# Work item
A complete answer lists every line of the material where the string "gray" occurs.

# Source data
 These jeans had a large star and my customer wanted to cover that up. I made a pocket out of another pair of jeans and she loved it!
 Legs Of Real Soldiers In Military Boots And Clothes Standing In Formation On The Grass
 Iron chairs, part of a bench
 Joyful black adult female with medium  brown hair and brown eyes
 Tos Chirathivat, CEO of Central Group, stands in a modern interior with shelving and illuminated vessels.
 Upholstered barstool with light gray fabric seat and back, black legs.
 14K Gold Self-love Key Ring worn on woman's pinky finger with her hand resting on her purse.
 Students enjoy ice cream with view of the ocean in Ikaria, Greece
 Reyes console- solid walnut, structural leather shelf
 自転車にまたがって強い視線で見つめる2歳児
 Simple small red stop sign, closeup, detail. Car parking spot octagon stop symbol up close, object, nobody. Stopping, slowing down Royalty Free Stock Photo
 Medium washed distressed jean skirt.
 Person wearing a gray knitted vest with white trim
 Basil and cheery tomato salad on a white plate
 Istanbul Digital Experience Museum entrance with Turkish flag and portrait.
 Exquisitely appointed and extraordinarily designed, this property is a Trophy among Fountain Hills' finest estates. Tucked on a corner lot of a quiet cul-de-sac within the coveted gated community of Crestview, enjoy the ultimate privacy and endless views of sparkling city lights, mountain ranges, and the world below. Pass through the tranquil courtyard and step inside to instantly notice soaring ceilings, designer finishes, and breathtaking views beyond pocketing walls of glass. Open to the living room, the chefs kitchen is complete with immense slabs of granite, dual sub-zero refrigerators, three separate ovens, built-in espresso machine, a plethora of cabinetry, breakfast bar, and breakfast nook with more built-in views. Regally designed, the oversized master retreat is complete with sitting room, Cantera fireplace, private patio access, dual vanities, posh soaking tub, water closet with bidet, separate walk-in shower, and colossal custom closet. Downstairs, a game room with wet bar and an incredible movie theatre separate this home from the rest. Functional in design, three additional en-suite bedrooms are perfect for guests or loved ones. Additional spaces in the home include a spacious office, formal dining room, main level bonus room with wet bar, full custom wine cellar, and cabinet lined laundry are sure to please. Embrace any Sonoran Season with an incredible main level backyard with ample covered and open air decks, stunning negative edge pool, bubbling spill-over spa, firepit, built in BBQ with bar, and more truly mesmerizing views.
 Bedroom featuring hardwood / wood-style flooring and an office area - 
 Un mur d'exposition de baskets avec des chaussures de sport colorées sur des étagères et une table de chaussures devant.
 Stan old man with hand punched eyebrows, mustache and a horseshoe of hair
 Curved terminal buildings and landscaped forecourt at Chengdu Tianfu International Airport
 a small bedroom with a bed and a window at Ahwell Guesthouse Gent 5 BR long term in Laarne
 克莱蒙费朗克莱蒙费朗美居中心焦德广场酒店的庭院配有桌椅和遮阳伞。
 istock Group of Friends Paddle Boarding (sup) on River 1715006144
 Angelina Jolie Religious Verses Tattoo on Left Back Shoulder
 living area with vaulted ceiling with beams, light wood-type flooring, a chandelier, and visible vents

# Task solution
 Upholstered barstool with light gray fabric seat and back, black legs.
 Person wearing a gray knitted vest with white trim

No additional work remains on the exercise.